RCSaumarez (May 7, 2013 at 3:02 pm) wrote:
“I wrote an article on Judith Curry’s blog when Hurst dynamics were all the rage about a year ago.
http://judithcurry.com/2012/02/19/autocorrelation-and-trends/
Frankly, I wish I hadn’t!
My upshot was that it is extremely difficult, using real data, to separate a power law, i.e.: Hurst dynamics from other models.
Even if there is a pure Hurst Law relationship, what does this mean? Basically it means that there are variable dynamics with different delays. I don’t think that saying that we can regard temperature as a Hurst system is particularly helpful as it doesn’t uncover other the basic mechanisms underlying temperature, it simply gives one statistical description of the signal, which could be explained in many other ways.”

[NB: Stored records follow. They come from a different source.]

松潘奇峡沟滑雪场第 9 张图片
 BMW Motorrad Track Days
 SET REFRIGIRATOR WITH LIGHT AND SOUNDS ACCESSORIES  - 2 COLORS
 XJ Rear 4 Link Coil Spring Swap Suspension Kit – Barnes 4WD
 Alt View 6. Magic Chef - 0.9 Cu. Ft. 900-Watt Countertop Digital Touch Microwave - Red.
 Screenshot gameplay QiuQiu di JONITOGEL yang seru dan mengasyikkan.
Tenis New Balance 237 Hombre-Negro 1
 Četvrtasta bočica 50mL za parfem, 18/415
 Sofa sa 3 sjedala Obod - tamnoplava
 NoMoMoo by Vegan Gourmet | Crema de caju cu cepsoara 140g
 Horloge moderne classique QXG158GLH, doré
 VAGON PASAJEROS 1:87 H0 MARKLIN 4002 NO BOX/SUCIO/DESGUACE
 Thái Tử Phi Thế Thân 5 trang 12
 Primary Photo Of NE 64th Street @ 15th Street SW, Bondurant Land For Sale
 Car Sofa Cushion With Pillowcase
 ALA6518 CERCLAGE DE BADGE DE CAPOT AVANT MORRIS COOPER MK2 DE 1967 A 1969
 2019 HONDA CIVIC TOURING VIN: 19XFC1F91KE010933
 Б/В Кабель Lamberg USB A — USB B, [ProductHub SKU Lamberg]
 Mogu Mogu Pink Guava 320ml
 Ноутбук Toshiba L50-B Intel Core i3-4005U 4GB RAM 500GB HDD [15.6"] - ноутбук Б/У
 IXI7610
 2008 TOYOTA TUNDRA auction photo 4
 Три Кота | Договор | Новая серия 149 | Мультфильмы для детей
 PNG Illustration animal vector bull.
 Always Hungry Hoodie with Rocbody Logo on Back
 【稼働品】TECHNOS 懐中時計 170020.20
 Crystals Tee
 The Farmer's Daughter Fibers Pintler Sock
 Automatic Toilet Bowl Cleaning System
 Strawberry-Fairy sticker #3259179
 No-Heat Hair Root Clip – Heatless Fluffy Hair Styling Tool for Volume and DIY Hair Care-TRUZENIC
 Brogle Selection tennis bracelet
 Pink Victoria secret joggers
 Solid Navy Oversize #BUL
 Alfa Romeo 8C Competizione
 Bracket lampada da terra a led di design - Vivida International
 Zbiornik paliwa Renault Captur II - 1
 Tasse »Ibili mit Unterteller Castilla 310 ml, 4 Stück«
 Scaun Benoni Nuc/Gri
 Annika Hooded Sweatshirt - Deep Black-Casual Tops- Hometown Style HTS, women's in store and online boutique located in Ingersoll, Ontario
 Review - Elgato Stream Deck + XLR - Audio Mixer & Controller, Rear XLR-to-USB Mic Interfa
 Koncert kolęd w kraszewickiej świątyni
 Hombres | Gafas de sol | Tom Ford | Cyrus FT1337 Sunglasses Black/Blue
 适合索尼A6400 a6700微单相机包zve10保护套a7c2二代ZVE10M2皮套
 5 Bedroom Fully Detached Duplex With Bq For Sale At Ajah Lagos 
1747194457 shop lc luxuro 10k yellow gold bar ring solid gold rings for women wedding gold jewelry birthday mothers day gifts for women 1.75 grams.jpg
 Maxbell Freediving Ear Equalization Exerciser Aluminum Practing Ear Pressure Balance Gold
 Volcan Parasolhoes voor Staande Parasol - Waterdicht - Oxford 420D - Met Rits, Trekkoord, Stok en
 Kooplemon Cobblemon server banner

I welcome Sam Outcalt’s contributions. I’m also pleased to see you encouraging more sober thinking about fundamentals here. The biggest mistake I see in general with applications of HK (not with Sam’s work) is failure to explore the variability of parameter estimates as a function of aggregation criteria. For example, what insights arise if the data are sorted by month of year or by some spatial criteria and by many, many other criteria? There’s a major blindspot in some of the narratives. The insights will deepen and the stories will get better once aggregation criteria make their way onto the radars of key HK advocates.
RCSaumarez
Good man/woman. The linked article makes things a lot clearer. Still don’t see the point of the H dimension it seems entirely meaningless outside a purely academic field. A simple Markov approach would do the job without all this arm waving.
1) Detrend the data
2) Discretised data derived from bin ranges (e.g. 1 = -1.0 to -0.6…5 = 0.6 to 1.0).
3) Construct a Markov mesh using these discrete values (indicators) where the mesh is composed of two sample points at distance h = 0.
Repeat 3 using different mesh parameters: h = 1…10
4) Plot the conditional probabilities against h for each transition (1->2, 1->3 etc.)
Yes this does give you – indirectly – a pseudo-autocorrelation of the thresholded values. The difference however is that you don’t need to model the relationship any further as the conditional probabilities will either be a function of h or not. End of story!
R. C. Saumarez: Even if there is a pure Hurst Law relationship, what does this mean? Basically it means that there are variable dynamics with different delays. I don’t think that saying that we can regard temperature as a Hurst system is particularly helpful as it doesn’t uncover other the basic mechanisms underlying temperature, it simply gives one statistical description of the signal, which could be explained in many other ways.
You are more polite than I was, but yeh. There are zillions of statistical summaries that can be computed for extant data, especially extant data that have been worked over as much as these have been. Without explicit methods to test the fit of the corresponding underlying models, all anyone achieves is another set of statistics of dubious value.
“Equation 2. Y = a + Exp [H X] or Ln Y = Ln a + H Ln X or Log10 Y = Log10 a + H Log10 X”
The first equation is not equivalent to the second and third equations.
The second and third equations are equivalent Y=a X^H and not to Y = a + e^ (H X).
Please explain what you had in mind when you took the logarithm of the first equation.